Dataset excerpts
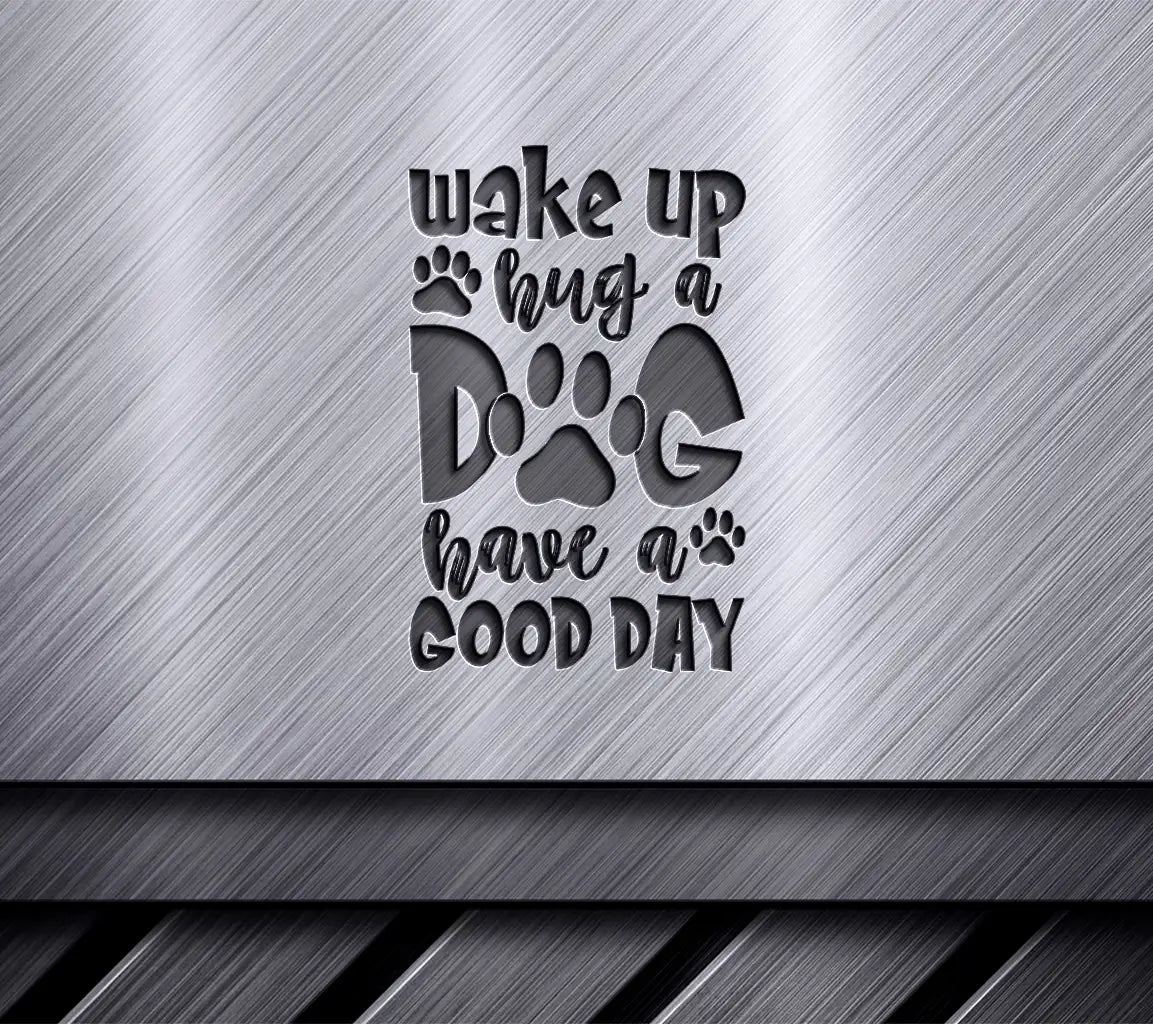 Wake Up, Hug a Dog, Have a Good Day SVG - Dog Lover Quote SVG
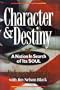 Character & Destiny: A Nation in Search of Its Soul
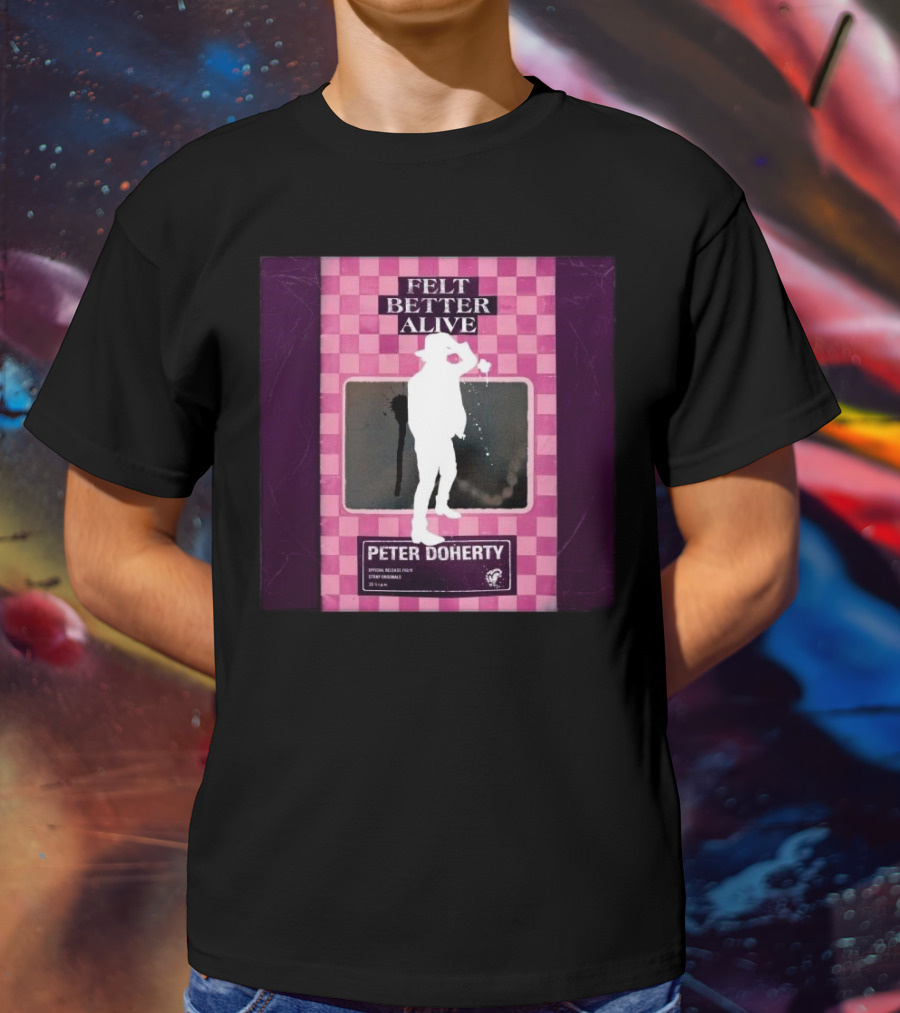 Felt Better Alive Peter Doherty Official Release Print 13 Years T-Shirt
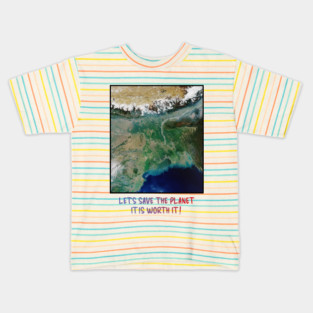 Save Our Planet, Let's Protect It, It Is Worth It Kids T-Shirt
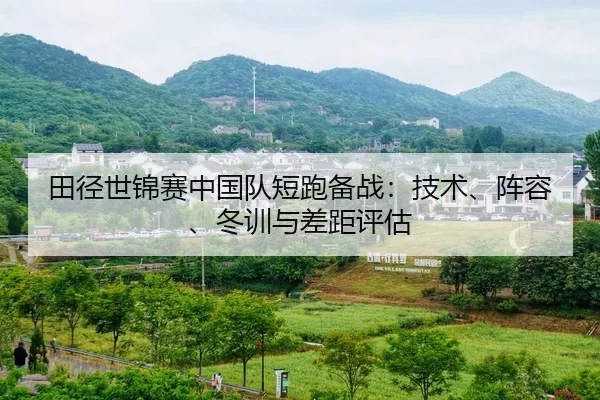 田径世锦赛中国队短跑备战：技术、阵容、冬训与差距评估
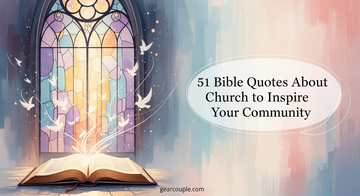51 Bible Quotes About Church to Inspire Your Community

==

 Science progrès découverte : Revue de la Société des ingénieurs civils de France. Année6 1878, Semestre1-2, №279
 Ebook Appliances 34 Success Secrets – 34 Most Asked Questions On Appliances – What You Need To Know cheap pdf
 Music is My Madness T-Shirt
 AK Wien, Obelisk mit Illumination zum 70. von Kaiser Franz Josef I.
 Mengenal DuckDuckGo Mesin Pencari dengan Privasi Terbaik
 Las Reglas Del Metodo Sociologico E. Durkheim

---

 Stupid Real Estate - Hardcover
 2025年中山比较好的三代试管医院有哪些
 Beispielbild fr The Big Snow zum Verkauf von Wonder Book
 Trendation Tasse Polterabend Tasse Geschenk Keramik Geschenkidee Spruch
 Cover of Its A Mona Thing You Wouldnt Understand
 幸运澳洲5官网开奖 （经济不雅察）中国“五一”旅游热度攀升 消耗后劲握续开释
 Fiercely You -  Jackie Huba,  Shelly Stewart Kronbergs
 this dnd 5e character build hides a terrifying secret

▸ **Task directions**
Only the lines above from the one with "2025年中山比较好的三代试管医院有哪些" through the one with "this dnd 5e" should be duplicated, character for character.

▸ **Exercise solution**
 2025年中山比较好的三代试管医院有哪些
 Beispielbild fr The Big Snow zum Verkauf von Wonder Book
 Trendation Tasse Polterabend Tasse Geschenk Keramik Geschenkidee Spruch
 Cover of Its A Mona Thing You Wouldnt Understand
 幸运澳洲5官网开奖 （经济不雅察）中国“五一”旅游热度攀升 消耗后劲握续开释
 Fiercely You -  Jackie Huba,  Shelly Stewart Kronbergs
 this dnd 5e character build hides a terrifying secret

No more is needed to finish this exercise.